La « midlife crisis », c’est essentiellement prendre conscience de sa propre mortalité, et affronter ce constat en faisant rigoureusement n'importe quoi. Si les causes peuvent être nombreuses, il en va de même pour les manifestations dans la vie réelle de ce moment compliqué à gérer. Sauf que ses représentations dans la culture populaire nous ont amenés à penser qu’il ne touchait que les hommes blancs de la classe moyenne ou supérieure, et que ce mal-être se traduisait invariablement par l’achat d’un véhicule de sport à la puissance inversement proportionnelle à l’élégance. Est-ce que Will Oldham est en plein dedans ? Disons qu’on ne l’a pas encore vu au volant d’une Porsche Cayenne vert fluo. Par contre, le voir utiliser son alias Bonnie « Prince » Billy et se rendre à Nashville pour y enregistrer un album de pure ‘country music’ alors qu’on l’a toujours connu à la pointe d’un mouvement qui cherchait à en présenter une version alternative a de quoi surprendre. Ce disque, c’est sa Cayenne a lui. Elle n’est pas verte, elle est mauve.
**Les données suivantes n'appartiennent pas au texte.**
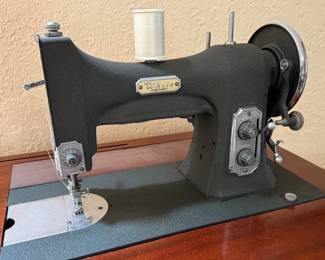 White Rotary vintage sewing machine cabinet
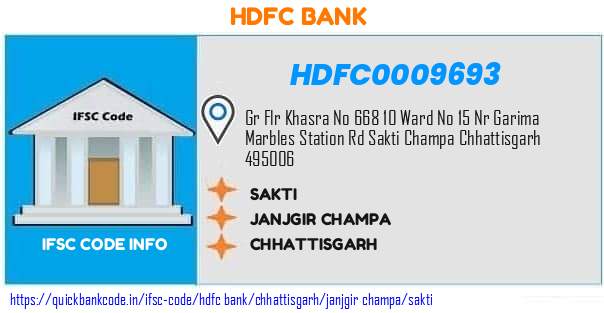 Hdfc Bank Sakti HDFC0009693 IFSC Code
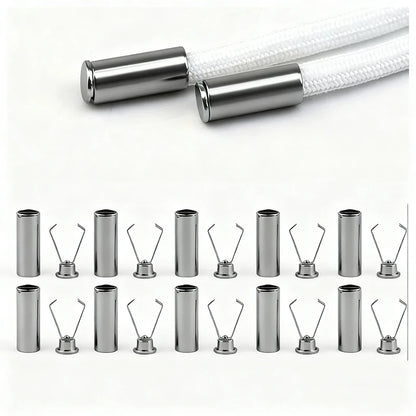 10pcs Heavy Duty Cord Locks Adjustable Metal Clips Secure Fastening for Shoelaces Bags Hoodies DIY Crafts Organizing Cables NovaCart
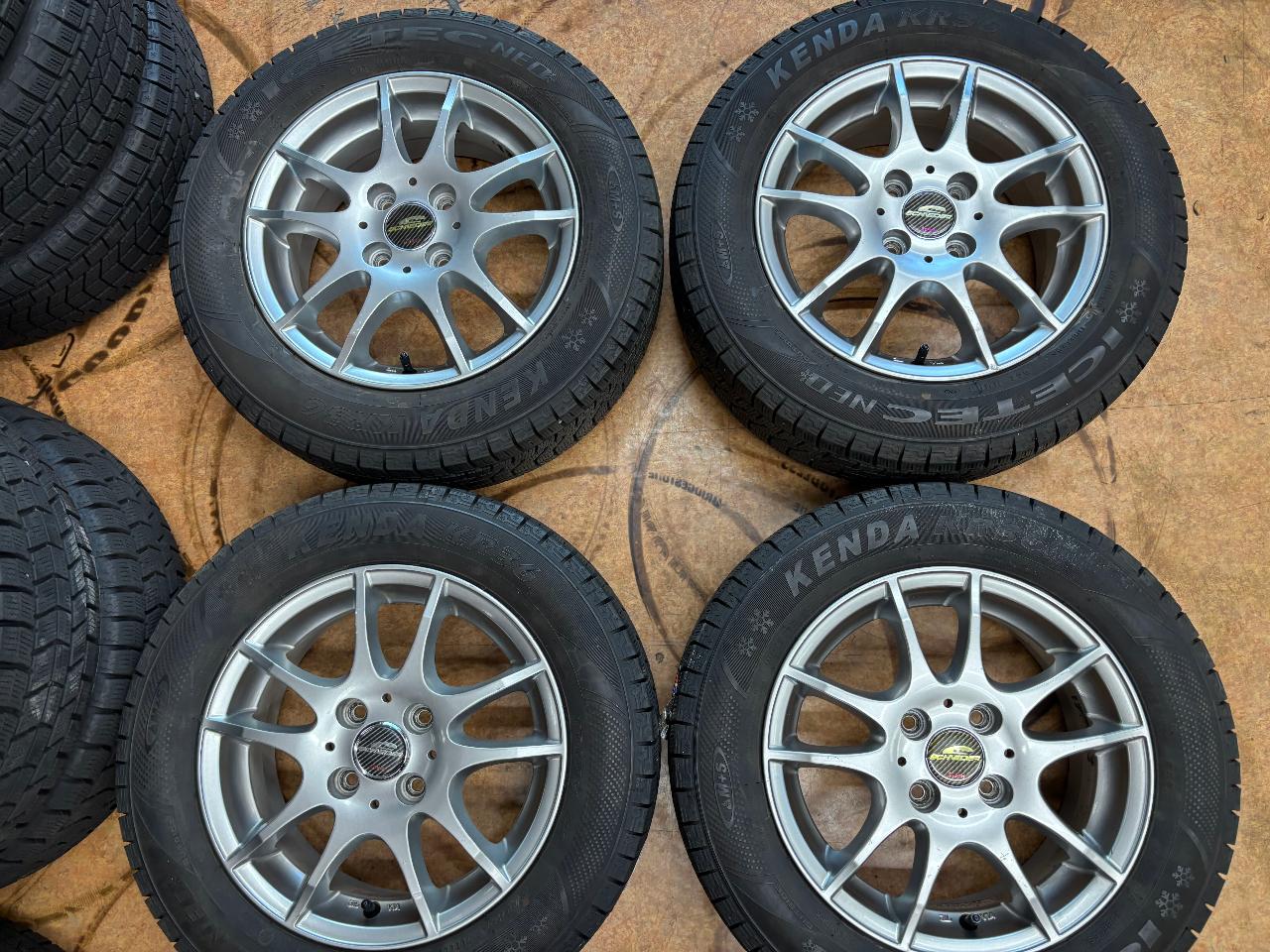 Cheap studless tires! A-TECH SCHNEIDER RS-5 + KENDA ICETEC NEO KR36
Pour profiter pleinement de ce nouvel album du prolifique Américain, il est indispensable de faire abstraction d’un certain nombre d’idées préconçues au sujet d’un genre dont on ignore à peu près tout des codes. Et comme Bonnie « Prince » Billy lui-même, il est important de faire confiance à des musiciens chevronnés et à un producteur (David ‘Ferg’ Ferguson, qu’il a rencontré à l’époque où Johnny Cash enregistrait une reprise de son classique « I See A Darkness ») pour qui la country de Nashville n’a plus le moindre secret : du travail sur les harmonies vocales au bon dosage des instruments par ce faux rythme qui infuse nombre des titres, à peu près tout dans cet album soustrait Bonnie « Prince » Billy a sa condition de monstre sacré de l’indie américain.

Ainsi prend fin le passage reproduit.